Re: XHR LC comment: header encoding

Anne van Kesteren wrote:
> On Mon, 07 Dec 2009 16:42:31 +0100, Julian Reschke 
> <julian.reschke@gmx.de> wrote:
>> I think XHR needs to elaborate on how non-ASCII characters in request 
>> headers are put on the wire, and how non-ASCII characters in response 
>> headers are transformed back to Javascript characters.
> 
> Hmm yeah. I somehow assumed this was easy because everything was 
> restricted to the ASCII range. It appears octets higher than 7E can 
> occur as well per HTTP.
> 
> 
>> For request headers, I would assume that the character encoding is 
>> ISO-8859-1, and if a character can't be encoded using ISO-8859-1, some 
>> kind of error handling occurs (ignore the character/ignore the 
>> header/throw?).
> 
>  From my limited testing it seems Firefox, Chrome, and Internet Explorer 
> use UTF-8 octets. E.g. "\xFF" in ECMAScript gets transmitted as C3 BF 
> (in octets). Opera sends "\xFF" as FF.
> 
> 
>> For response headers, I'd expect that the octet sequence is decoded 
>> using ISO-8859-1; so no specific error handling would be needed 
>> (although the result may be funny when the intended encoding was
> 
> Firefox, Opera, and Internet Explorer indeed do this. Chrome decodes as 
> UTF-8 as far as I can tell.
> 
> 
> I'd love some implementor feedback on the manner.
> ...

Thanks for doing the testing. The discrepancy between setting and 
getting worries me a lot :-).

 From HTTP's point of view, the header field value really is opaque. So 
you can put there anything, as long as it fits into the header field ABNF.

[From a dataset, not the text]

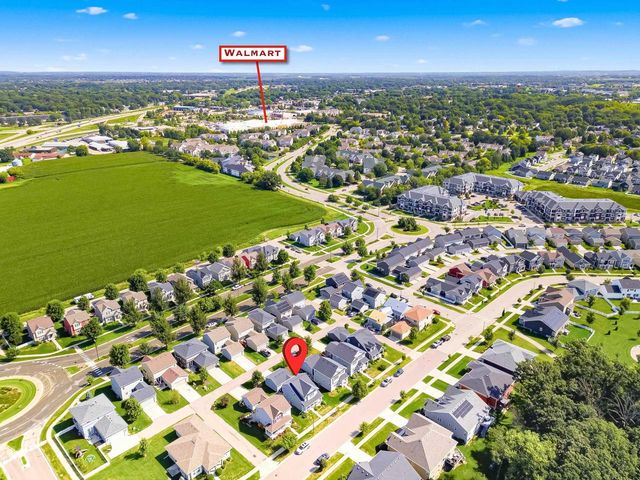 1155 Twisted Branch Way, Sun Prairie, WI 53590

Of course that only helps if senders and receivers agree on the 
encoding. In my experience, server frameworks (servlet API, for 
instance) assume ISO-8859-1 here (but that probably should be tested).

For XHR 1 I think the resolution should be to leave this 
implementation-specific, and advise users not to rely on anything non-ASCII.

Best regards, Julian

Received on Monday, 4 January 2010 16:18:02 UTC